= Westport, Pennsylvania =

Unincorporated community in Pennsylvania, US

Westport is an unincorporated community that is located in Clinton County, Pennsylvania, United States. It lies above the Susquehanna River and is near Pennsylvania Route 120.

==History==
According to the Historical View of Clinton County, Pennsylvania by "D. S. Maynard", Westport, Pennsylvania in Noyes Township was formerly known as Kettle Creek. This is also mentioned on The Clinton County Register & Recorders Office website and other sources.

The first settlement at the mouth of Kettle Creek was in 1785, when the land was a part of Pine Creek Township, Northumberland County, Pennsylvania.
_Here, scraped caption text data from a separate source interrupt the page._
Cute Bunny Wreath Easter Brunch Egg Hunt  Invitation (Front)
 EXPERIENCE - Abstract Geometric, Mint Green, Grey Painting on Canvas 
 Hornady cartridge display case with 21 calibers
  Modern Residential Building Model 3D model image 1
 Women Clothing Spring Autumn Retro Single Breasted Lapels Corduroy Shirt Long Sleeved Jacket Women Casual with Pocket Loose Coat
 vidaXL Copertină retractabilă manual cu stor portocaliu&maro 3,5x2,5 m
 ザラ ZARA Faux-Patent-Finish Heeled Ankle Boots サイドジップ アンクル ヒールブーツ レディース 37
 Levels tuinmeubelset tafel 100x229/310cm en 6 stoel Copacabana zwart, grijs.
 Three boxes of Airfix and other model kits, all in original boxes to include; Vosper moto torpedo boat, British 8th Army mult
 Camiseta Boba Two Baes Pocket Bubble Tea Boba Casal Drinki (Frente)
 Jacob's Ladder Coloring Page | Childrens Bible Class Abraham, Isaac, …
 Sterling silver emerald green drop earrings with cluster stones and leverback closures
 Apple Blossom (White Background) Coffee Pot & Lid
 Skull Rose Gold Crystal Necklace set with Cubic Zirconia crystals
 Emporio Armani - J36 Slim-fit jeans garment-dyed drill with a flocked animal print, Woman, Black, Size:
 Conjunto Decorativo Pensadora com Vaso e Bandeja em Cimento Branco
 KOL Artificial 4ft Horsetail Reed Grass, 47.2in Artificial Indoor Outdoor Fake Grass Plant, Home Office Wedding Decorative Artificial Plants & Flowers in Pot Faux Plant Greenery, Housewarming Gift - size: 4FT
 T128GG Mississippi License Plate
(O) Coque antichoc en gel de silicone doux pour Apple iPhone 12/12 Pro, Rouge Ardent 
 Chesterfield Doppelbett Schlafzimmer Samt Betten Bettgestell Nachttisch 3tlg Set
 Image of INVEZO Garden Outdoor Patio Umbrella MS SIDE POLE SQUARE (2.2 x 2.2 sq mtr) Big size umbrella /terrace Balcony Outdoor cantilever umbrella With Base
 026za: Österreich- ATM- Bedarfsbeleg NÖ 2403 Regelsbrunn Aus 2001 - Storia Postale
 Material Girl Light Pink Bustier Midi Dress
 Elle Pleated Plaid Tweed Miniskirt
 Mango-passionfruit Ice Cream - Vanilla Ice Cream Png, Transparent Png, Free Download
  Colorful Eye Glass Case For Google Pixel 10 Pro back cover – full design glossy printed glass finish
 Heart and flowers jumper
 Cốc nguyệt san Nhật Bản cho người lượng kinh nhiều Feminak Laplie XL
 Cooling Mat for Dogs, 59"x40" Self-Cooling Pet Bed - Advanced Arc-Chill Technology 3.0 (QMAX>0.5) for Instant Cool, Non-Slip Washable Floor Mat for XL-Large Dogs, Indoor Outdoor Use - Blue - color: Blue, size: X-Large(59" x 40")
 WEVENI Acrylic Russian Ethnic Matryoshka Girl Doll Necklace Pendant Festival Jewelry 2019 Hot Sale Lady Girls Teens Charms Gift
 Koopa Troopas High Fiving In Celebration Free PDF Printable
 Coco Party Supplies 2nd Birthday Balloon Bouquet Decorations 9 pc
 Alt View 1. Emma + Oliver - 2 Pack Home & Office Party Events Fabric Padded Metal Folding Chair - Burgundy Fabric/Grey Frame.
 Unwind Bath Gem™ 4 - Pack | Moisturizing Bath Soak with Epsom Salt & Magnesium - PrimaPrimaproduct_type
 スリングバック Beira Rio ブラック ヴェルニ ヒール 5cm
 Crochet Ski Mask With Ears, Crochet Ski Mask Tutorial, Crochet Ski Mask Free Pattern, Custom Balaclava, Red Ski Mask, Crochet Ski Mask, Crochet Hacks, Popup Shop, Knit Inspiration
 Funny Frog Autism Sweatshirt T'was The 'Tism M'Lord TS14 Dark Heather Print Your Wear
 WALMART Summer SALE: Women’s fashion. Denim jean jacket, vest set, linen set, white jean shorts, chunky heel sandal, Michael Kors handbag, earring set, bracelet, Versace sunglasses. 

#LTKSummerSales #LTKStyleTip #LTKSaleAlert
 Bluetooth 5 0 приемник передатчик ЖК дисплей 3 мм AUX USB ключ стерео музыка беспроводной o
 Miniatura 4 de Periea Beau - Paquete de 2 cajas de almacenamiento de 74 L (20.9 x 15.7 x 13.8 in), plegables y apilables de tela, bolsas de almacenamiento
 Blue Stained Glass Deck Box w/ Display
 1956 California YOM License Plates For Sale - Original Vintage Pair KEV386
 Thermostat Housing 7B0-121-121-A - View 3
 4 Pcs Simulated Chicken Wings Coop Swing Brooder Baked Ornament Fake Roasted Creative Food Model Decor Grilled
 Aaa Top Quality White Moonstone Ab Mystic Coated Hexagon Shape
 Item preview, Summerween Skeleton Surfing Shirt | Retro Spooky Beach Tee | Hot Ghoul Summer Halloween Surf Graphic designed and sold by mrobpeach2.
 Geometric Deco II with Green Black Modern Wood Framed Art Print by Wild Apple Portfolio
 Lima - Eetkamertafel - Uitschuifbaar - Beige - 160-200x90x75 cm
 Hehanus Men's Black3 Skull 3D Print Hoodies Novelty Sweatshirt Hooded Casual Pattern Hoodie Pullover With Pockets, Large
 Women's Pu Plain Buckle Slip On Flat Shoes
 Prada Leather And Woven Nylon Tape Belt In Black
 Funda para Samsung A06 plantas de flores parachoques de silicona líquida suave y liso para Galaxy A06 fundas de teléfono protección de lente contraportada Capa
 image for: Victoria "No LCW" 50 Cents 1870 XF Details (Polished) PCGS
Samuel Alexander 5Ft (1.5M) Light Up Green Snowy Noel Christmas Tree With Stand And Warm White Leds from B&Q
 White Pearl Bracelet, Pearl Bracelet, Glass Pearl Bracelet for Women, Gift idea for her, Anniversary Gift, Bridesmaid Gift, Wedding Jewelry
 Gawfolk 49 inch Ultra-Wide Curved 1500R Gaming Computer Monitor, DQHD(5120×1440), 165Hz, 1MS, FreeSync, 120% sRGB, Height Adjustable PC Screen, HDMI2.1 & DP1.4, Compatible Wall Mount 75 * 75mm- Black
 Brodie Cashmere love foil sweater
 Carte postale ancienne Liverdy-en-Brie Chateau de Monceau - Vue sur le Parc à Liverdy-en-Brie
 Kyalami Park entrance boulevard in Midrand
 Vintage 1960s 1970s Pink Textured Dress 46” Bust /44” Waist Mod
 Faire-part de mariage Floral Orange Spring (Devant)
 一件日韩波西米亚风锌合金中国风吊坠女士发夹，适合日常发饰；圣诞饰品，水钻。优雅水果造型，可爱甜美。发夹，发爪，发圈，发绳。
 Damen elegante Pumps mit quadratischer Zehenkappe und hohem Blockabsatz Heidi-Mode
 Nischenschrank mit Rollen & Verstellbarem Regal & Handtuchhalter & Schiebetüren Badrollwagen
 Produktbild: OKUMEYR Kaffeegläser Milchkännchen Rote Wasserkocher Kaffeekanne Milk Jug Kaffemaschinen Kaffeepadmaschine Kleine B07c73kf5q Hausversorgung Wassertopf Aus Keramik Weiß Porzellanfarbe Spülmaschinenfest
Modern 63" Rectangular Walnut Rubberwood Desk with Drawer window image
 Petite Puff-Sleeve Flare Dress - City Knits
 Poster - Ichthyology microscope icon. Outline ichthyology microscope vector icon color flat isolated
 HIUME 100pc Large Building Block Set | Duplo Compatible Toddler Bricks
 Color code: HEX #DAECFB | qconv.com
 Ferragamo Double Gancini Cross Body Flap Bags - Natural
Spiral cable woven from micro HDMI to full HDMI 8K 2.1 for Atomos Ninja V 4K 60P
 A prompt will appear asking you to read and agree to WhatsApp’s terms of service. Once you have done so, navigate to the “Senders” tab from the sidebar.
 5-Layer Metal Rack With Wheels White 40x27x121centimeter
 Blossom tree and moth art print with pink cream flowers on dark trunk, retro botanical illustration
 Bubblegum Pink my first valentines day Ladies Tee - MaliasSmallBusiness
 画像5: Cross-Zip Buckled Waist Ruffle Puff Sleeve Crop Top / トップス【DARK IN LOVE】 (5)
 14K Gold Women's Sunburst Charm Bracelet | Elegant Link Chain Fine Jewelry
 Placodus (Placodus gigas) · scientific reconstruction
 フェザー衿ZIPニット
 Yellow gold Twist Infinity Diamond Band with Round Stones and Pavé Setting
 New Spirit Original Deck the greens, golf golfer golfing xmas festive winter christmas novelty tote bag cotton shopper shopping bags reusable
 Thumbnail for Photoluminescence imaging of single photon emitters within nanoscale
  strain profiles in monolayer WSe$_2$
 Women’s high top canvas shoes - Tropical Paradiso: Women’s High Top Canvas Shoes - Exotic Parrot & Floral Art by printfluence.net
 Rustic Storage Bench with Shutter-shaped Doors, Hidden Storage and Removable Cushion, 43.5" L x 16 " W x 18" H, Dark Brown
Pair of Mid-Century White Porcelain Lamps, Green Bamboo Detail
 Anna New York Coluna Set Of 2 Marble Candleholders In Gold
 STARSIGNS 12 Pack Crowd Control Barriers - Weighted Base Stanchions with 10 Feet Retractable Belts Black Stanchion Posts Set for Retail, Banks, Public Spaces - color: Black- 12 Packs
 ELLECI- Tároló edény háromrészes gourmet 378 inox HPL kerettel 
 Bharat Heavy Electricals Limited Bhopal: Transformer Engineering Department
The Kettle Creek post office was established circa 1847 or 1848, but was discontinued, leaving the present community of Westport without a Post Office for about a year. In 1850, a new post office was established, but the name Kettle Creek was already taken by a post office located at the head of the Creek, so the name "Westport" was already in use, hence the current name.

The first bridge that spanned the creek at Westport, was erected by Clinton County in 1852. The first railroad bridge, which was only a few feet away, was built in 1859. Both bridges were swept almost simultaneously by a flood on March 17, 1865, which caused severe damage. However, both bridges were eventually replaced.